- 188.8.131.52.1: Modify the Courant stability condition for the wave equation to acc...
- 184.108.40.206.2: Consider the wave equation subject to the initial conditions u(x, 0...
- 220.127.116.11.3: For the wave equation, u(x, t) = f(x ct) is a solution, where f is ...
- 18.104.22.168.4: Show that the conclusion of Exercise 6.5.3 is not valid if c = x/t.
- 22.214.171.124.5: Consider the first-order wave equation u t + c u x = 0. (a) Determi...
- 126.96.36.199.6: Modify Exercise 6.5.5 for centered difference in space and time
- 188.8.131.52.7: Solve on a computer [using (6.5.2)] the wave equation 2u/t2 = 2u/x2...
Solutions for Chapter 6.5: Finite Difference Numerical Methods for Partial Differential Equations
Full solutions for Applied Partial Differential Equations with Fourier Series and Boundary Value Problems | 5th Edition
Solutions for Chapter 6.5: Finite Difference Numerical Methods for Partial Differential EquationsGet Full Solutions
A = CTC = (L.J]))(L.J]))T for positive definite A.
Complete solution x = x p + Xn to Ax = b.
(Particular x p) + (x n in nullspace).
Cross product u xv in R3:
Vector perpendicular to u and v, length Ilullllvlll sin el = area of parallelogram, u x v = "determinant" of [i j k; UI U2 U3; VI V2 V3].
Diagonal matrix D.
dij = 0 if i #- j. Block-diagonal: zero outside square blocks Du.
Fast Fourier Transform (FFT).
A factorization of the Fourier matrix Fn into e = log2 n matrices Si times a permutation. Each Si needs only nl2 multiplications, so Fnx and Fn-1c can be computed with ne/2 multiplications.
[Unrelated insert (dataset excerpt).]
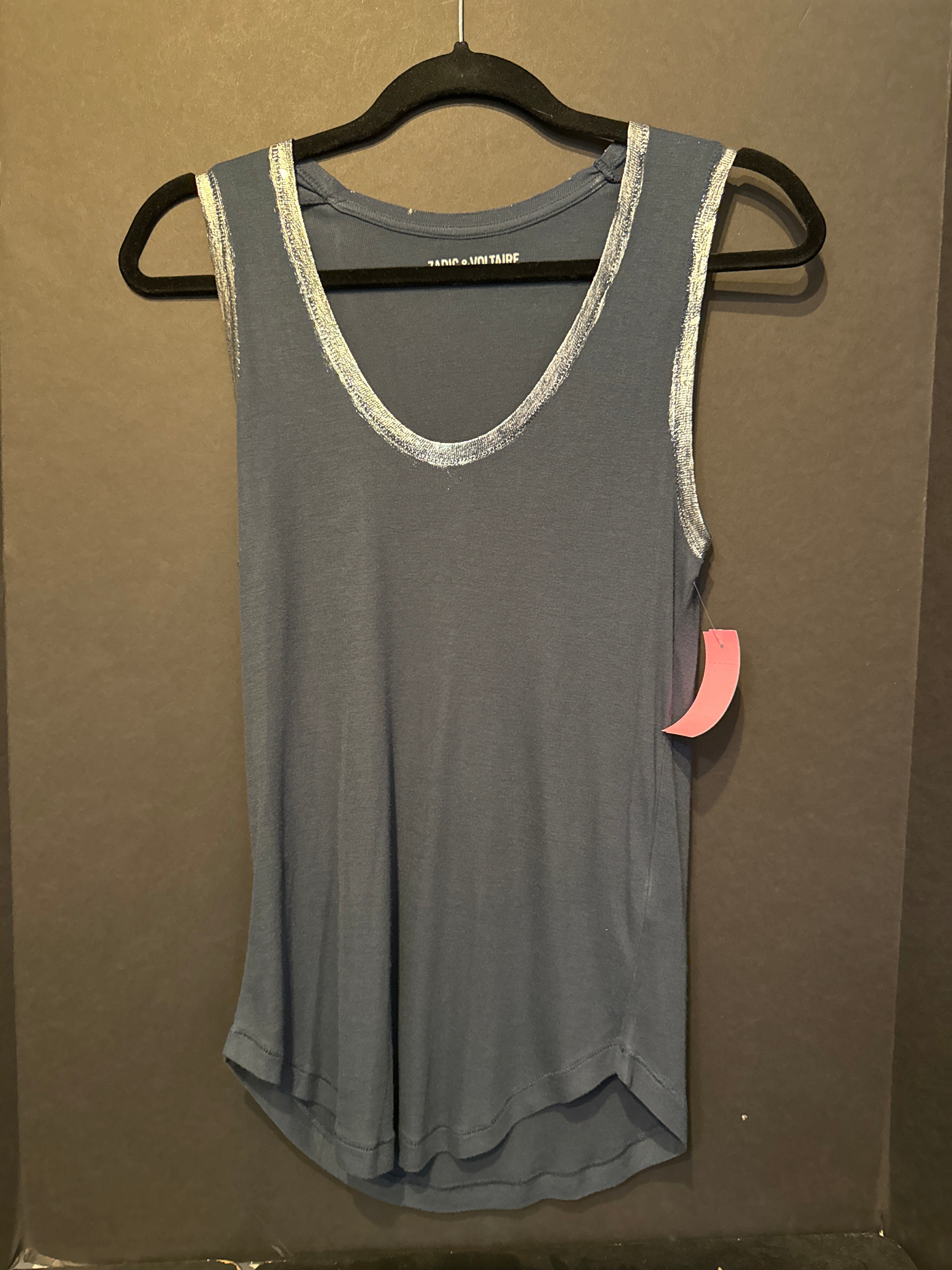 Zadig Silver Trim Tank Top - small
Revolutionary.
Fourier matrix F.
Entries Fjk = e21Cijk/n give orthogonal columns FT F = nI. Then y = Fe is the (inverse) Discrete Fourier Transform Y j = L cke21Cijk/n.
Hilbert matrix hilb(n).
Entries HU = 1/(i + j -1) = Jd X i- 1 xj-1dx. Positive definite but extremely small Amin and large condition number: H is ill-conditioned.
Independent vectors VI, .. " vk.
No combination cl VI + ... + qVk = zero vector unless all ci = O. If the v's are the columns of A, the only solution to Ax = 0 is x = o.
Left nullspace N (AT).
Nullspace of AT = "left nullspace" of A because y T A = OT.
Length II x II.
Square root of x T x (Pythagoras in n dimensions).
Projection matrix P onto subspace S.
Projection p = P b is the closest point to b in S, error e = b - Pb is perpendicularto S. p 2 = P = pT, eigenvalues are 1 or 0, eigenvectors are in S or S...L. If columns of A = basis for S then P = A (AT A) -1 AT.
Pseudoinverse A+ (Moore-Penrose inverse).
The n by m matrix that "inverts" A from column space back to row space, with N(A+) = N(AT). A+ A and AA+ are the projection matrices onto the row space and column space. Rank(A +) = rank(A).
Rank one matrix A = uvT f=. O.
Column and row spaces = lines cu and cv.
Schur complement S, D - C A -} B.
Appears in block elimination on [~ g ].
Semidefinite matrix A.
(Positive) semidefinite: all x T Ax > 0, all A > 0; A = any RT R.
Singular matrix A.
A square matrix that has no inverse: det(A) = o.
Singular Value Decomposition
(SVD) A = U:E VT = (orthogonal) ( diag)( orthogonal) First r columns of U and V are orthonormal bases of C (A) and C (AT), AVi = O'iUi with singular value O'i > O. Last columns are orthonormal bases of nullspaces.
Triangle inequality II u + v II < II u II + II v II.
For matrix norms II A + B II < II A II + II B II·
v + w = (VI + WI, ... , Vn + Wn ) = diagonal of parallelogram.
Vector space V.
Set of vectors such that all combinations cv + d w remain within V. Eight required rules are given in Section 3.1 for scalars c, d and vectors v, w.